**Directions**.
From the material below, return exactly the lines starting at the one that holds "Preview: Colorful anti-stress" and ending at the one that holds "Spacious bedroom with". Pictures stay out of the answer.

**Record excerpts**.
= = = = = = =
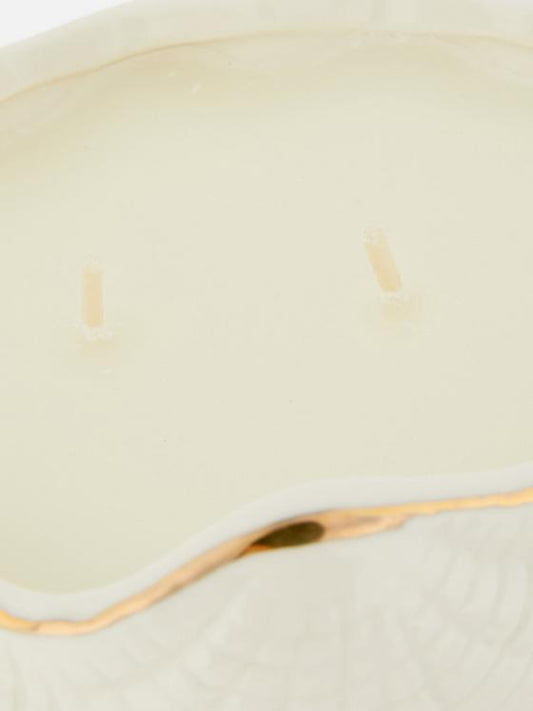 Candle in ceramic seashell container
= = = = = = =
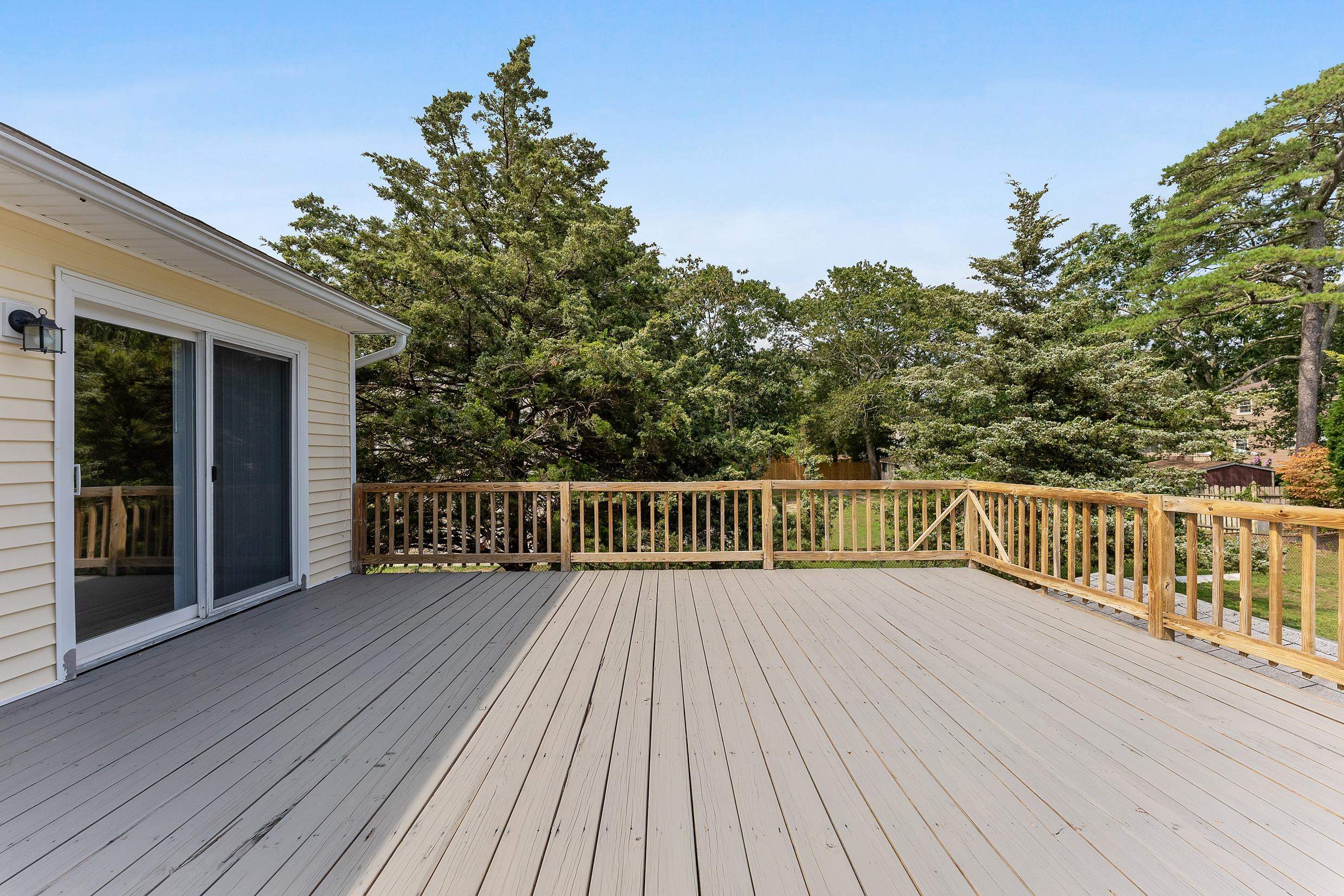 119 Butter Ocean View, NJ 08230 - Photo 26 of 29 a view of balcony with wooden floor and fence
= = = = = = =
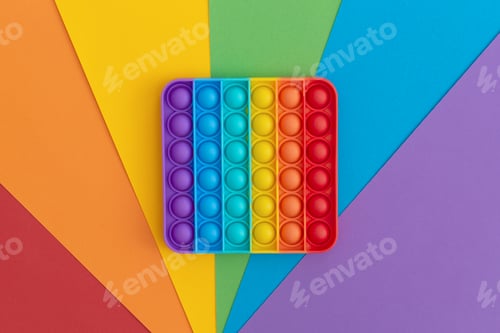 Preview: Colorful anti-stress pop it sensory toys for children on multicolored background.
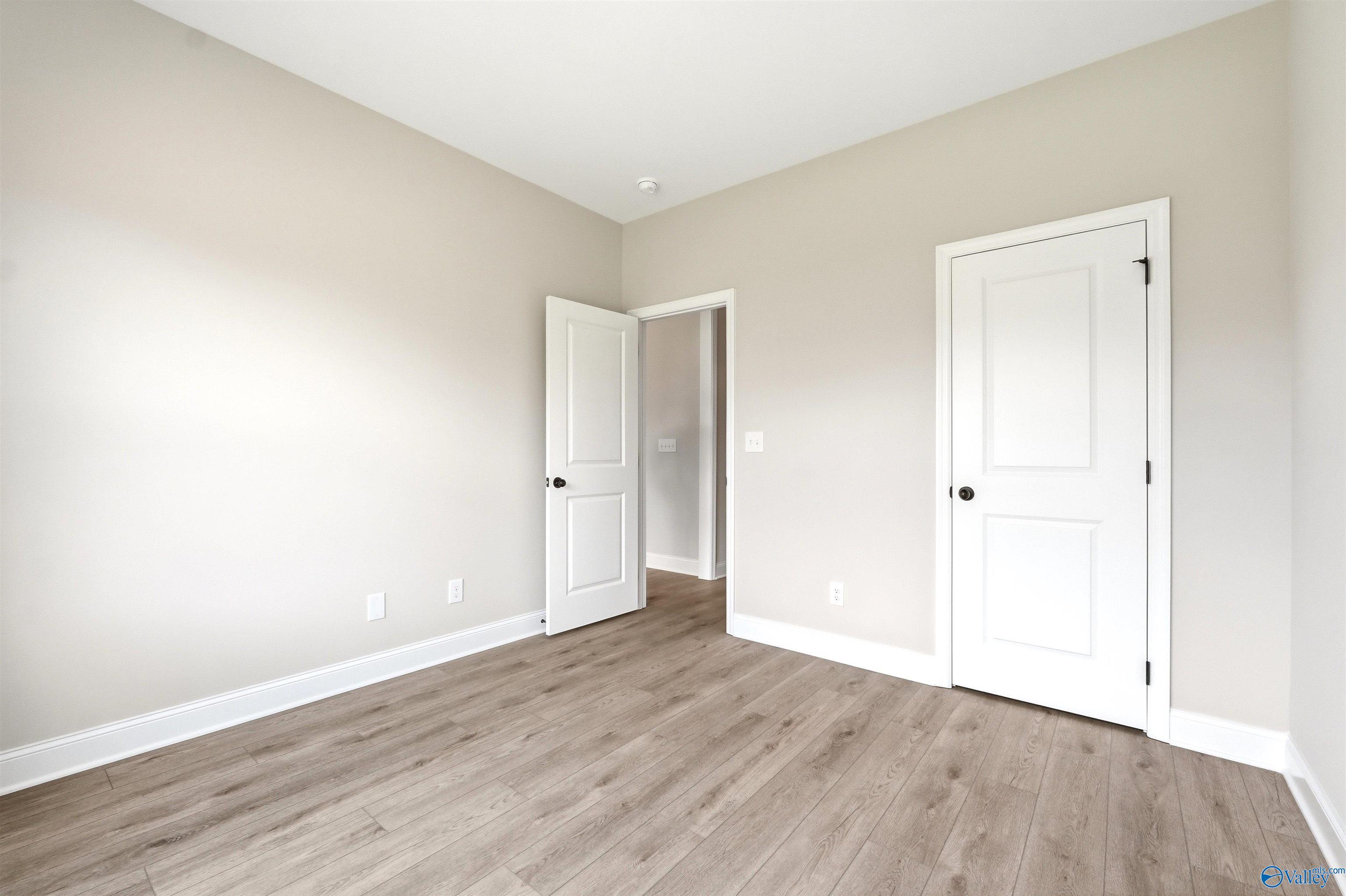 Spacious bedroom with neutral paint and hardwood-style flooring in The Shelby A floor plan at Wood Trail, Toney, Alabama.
= = = = = = =
**Worked solution**.
 Preview: Colorful anti-stress pop it sensory toys for children on multicolored background.
 Spacious bedroom with neutral paint and hardwood-style flooring in The Shelby A floor plan at Wood Trail, Toney, Alabama.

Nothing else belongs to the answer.